• ASSIGNMENT: Using the material below, repeat exactly the lines from the one with "Three models among" through the one with "Authentische Familienreportage in", ends included, without any images.

• SUPPLIED DATA:

========================

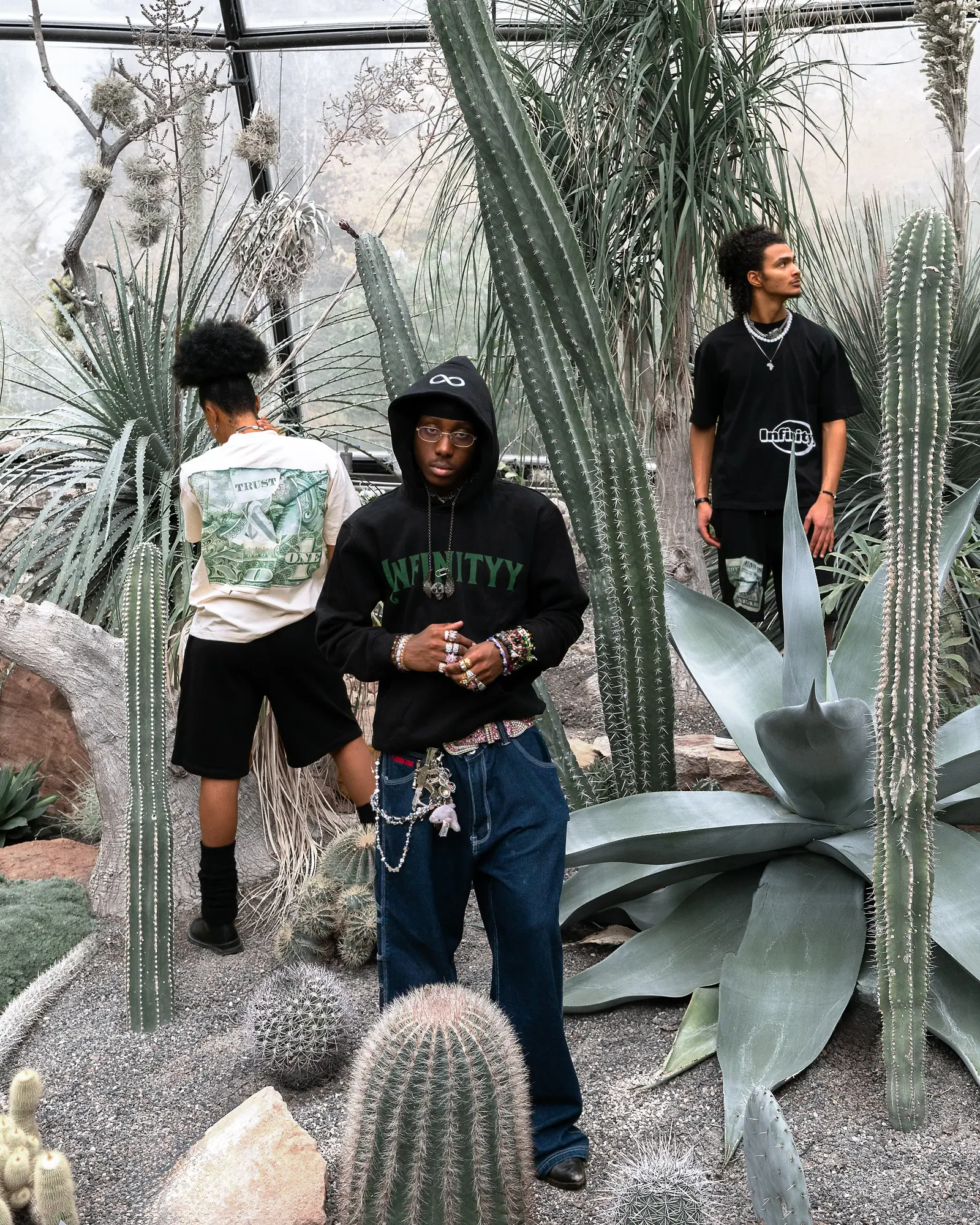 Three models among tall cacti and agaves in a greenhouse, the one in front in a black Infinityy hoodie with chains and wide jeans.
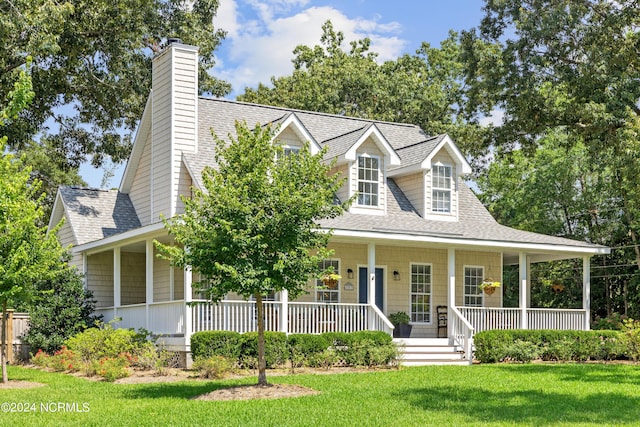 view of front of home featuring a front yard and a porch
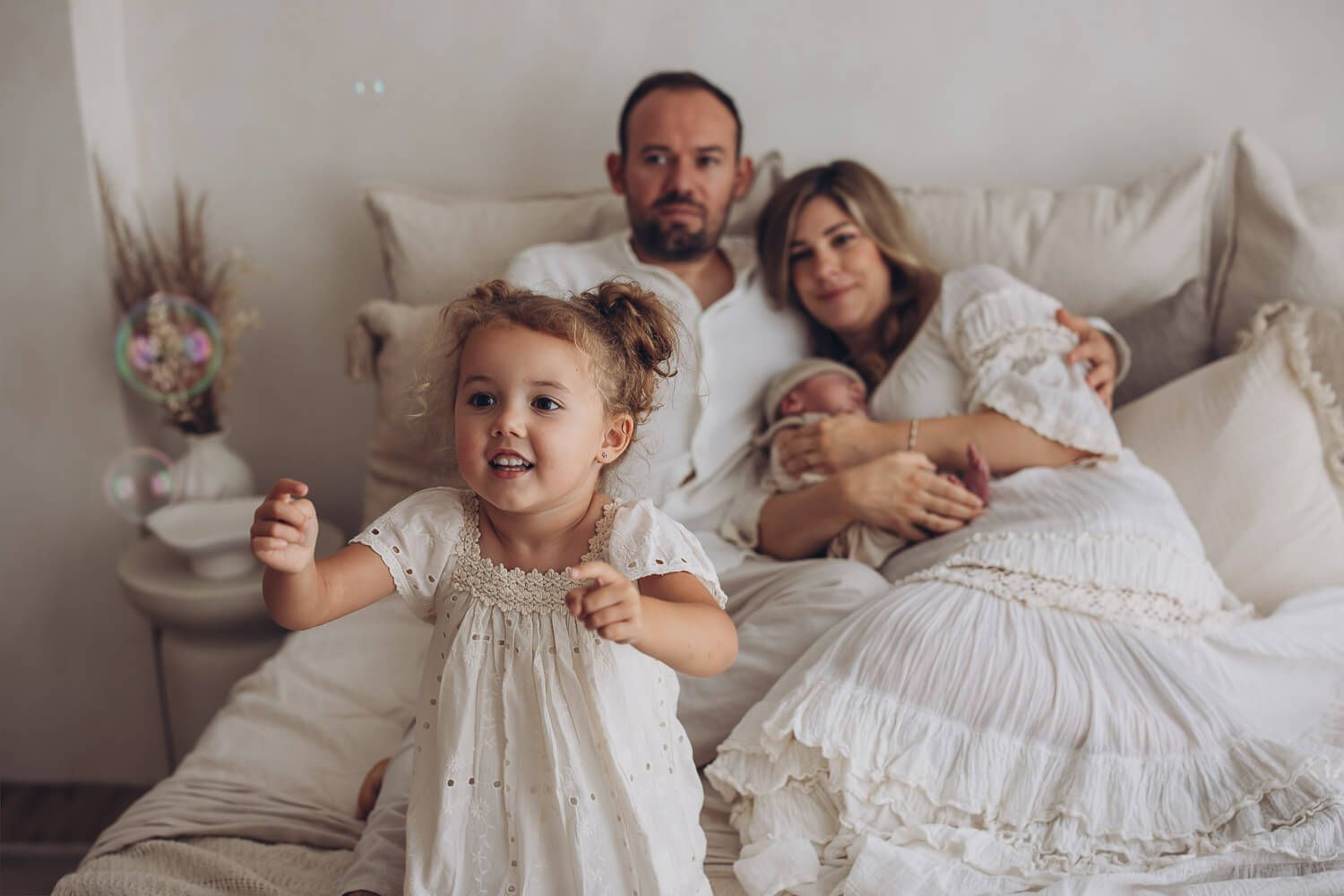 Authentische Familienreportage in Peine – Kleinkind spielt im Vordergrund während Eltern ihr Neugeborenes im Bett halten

========================

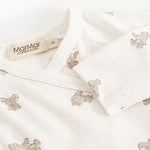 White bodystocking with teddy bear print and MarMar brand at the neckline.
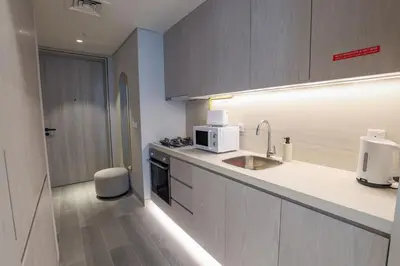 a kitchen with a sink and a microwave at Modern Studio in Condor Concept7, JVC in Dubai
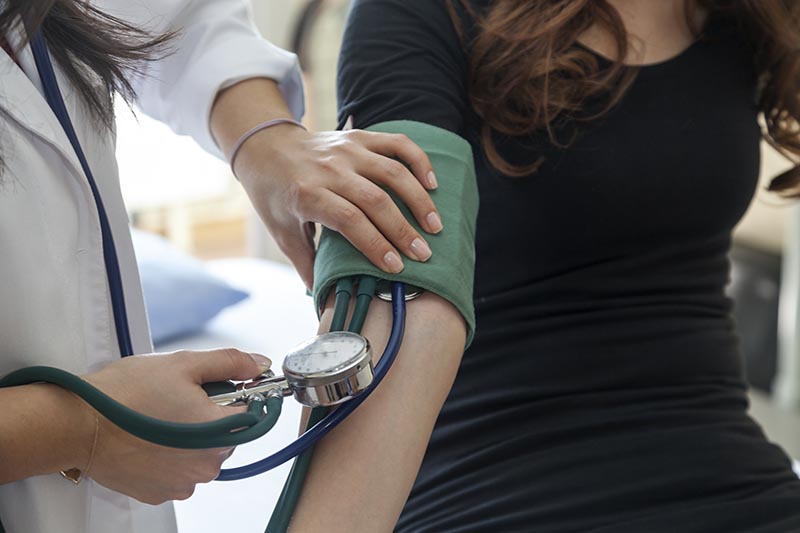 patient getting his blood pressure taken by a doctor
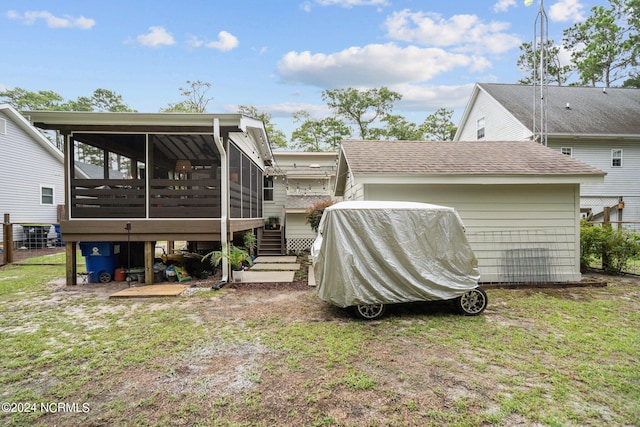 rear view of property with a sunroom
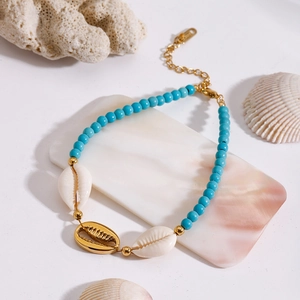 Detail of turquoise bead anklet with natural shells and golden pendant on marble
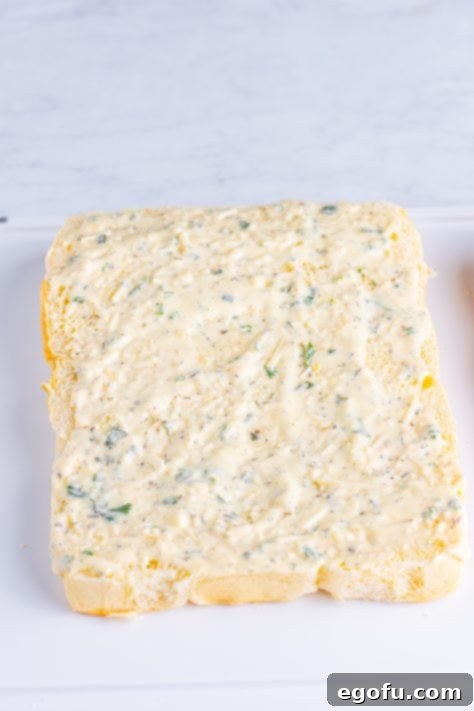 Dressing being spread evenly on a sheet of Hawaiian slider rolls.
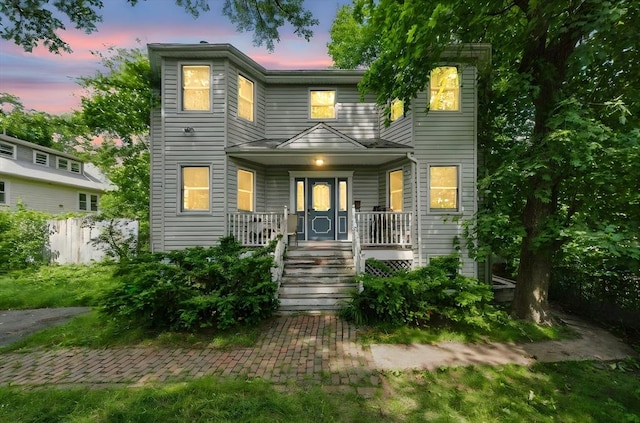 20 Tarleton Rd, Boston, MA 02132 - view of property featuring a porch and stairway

========================

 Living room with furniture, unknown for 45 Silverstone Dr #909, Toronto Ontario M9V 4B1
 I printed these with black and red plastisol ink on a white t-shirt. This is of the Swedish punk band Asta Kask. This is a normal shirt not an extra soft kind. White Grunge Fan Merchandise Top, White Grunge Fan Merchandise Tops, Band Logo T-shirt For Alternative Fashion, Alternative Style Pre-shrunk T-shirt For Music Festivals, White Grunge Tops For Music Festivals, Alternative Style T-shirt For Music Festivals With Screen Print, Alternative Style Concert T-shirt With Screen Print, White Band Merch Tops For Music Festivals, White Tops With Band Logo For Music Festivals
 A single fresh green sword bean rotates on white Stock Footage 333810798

========================

• EXERCISE OUTPUT:
 Three models among tall cacti and agaves in a greenhouse, the one in front in a black Infinityy hoodie with chains and wide jeans.
 view of front of home featuring a front yard and a porch
 Authentische Familienreportage in Peine – Kleinkind spielt im Vordergrund während Eltern ihr Neugeborenes im Bett halten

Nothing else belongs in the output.